The Flood
Wendy (Lena Headey) works as an immigration officer and is one of a kind when it comes to holding stone-faced interviews with illegal immigrants and refugees. That is until she sits in the chair opposite Haile (Ivanno Jeremiah), an asylum seeker escaping from the African continent, where he is accused of treason for not performing an execution when ordered by his military superior. Recounting his journey across Europe in search of asylum, Haile tells Wendy his story and about the people who he met and helped along the way through a series of flashbacks. His fate rests in Wendy’s hands. Will she stick to the script her superior Philip (Iain Glen) is forcing her to abide by, or will Haile’s tale resonate enough with her own family struggles to make her grant his asylum?
The full story can never be told just through writing on immigration papers and it is this factor that makes both the relationship between Headey and Jeremiah’s characters so intriguing and engaging alongside a narrative that we hear so much of yet also so little about in everyday news. There are side plots that keep the story ticking, but the main focus is rightfully on the trials and struggles of those refugees living day by day in the Calais Jungle, showing the inner politics and dog-eat-dog environment the refugees find themselves trapped in.
Headey and Glen both leave the Game of Thrones behemoth behind them with the series concluding last month, so both will be eager to see their careers branch out with greater flexibility and experimental versatility. In this instance, thankfully, the audience is able to welcome their characters with open arms and a fresh perspective rather than simply seeing their GOT roles.
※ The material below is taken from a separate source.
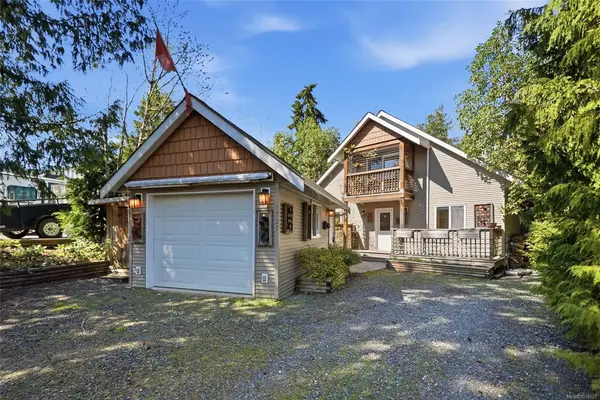 1727 Miama Crt, Qualicum Beach BC V9K 2S3
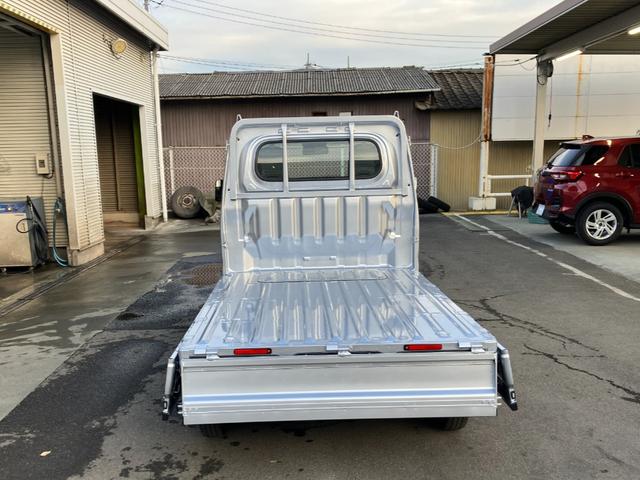 ハイゼットトラックスタンダード　４ＷＤ　ＣＶＴ　ＡＭ／ＦＭラジオデッキスマートアシスト・切り替え式４ＷＤ（ＣＶＴ車）・荷台フロア長２，０３０ｍｍ・荷台幅１，４１０ｍｍ・防錆鋼鈑・ハロゲンヘッドランプ・マニュアルエアコン（山梨県）の中古車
The talents and abilities of the actors are unquestionable in this film, but the star of the show is undoubtedly Ivanno Jeremiah, who plays the freedom-seeking Haile with such desperation and conviction viewers could genuinely believe that the actor had experienced the pains of his character firsthand. This, of course, is not the case, which makes the Black Mirror and Cold Feet star’s performance all the more astounding.
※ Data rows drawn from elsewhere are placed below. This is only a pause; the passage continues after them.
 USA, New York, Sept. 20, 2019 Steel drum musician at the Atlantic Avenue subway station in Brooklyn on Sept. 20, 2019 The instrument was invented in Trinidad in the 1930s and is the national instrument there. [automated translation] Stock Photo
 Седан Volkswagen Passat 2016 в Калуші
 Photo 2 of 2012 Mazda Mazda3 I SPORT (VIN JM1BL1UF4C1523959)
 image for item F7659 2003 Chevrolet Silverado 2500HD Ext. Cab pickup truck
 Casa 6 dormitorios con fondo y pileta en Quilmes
In a short but by no means sweet film, there is little emphasis on the importance of dialogue between characters, with the story being told through actions and emotions rather than on-the-nose exclamations. The soundtrack is cultural and relevant to the location of each scene, aiding the mood and ambience of each passing shot. But the breadth of plot is slightly narrow despite efforts to thicken the narrative web with crumbling family relationships and alcohol abuse, and there are a few scenes of dramatic cliché that attempt to raise the level of danger, but leave us questioning the relevance and necessity of them in the story arc.
There is a greater meaning to the film’s title: The Flood symbolises more than just the flood of people surging across Europe and the English Channel. The drowning of lives, liberty and freedom as asylum applications are refused is a very real problem facing governments today, leading to very deep and dark subject matter for this film, and something difficult to portray without beginning to present a political motif. One might wonder if the script may have worked more effectively as a two-part drama for TV rather than a heavy 98-minute feature film.
Guy Lambert
The Flood is released in select cinemas and on demand on 21st June 2019.